Required work:
Among the entries that follow, locate the line with "XX市商务局XX年工作总结_第2页" and the line with "Home for Hebrew study materials". Output those lines and all lines in between, exactly, minus the pictures.

Supplied data:
★ ★ ★ ★
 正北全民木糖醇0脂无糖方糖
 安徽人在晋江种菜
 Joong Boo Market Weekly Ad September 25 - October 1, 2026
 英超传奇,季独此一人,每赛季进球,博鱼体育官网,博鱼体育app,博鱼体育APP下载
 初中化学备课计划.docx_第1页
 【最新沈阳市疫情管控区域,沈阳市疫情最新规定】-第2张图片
★ ★ ★ ★
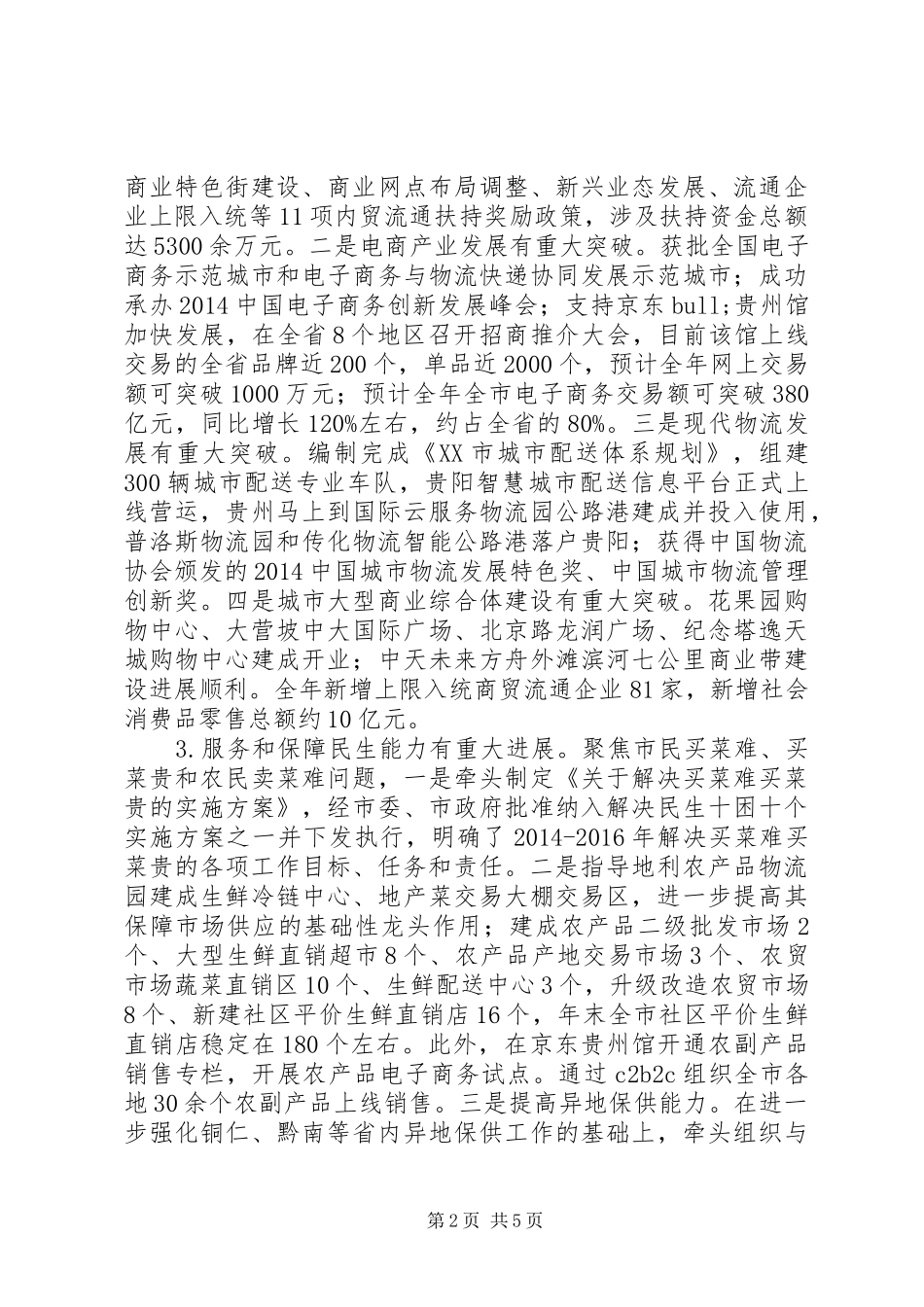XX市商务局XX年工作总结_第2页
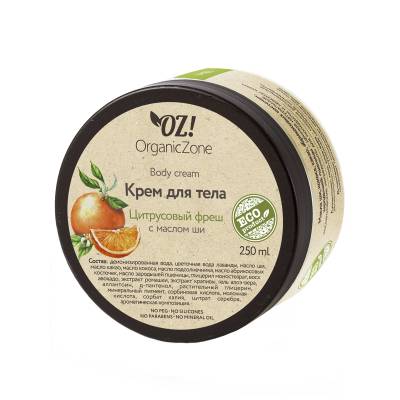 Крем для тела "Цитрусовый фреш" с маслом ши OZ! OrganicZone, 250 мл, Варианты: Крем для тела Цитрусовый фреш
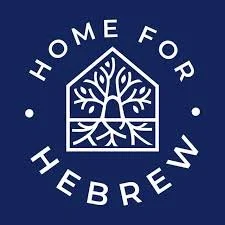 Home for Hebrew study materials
★ ★ ★ ★
Response area:
XX市商务局XX年工作总结_第2页
 Крем для тела "Цитрусовый фреш" с маслом ши OZ! OrganicZone, 250 мл, Варианты: Крем для тела Цитрусовый фреш
 Home for Hebrew study materials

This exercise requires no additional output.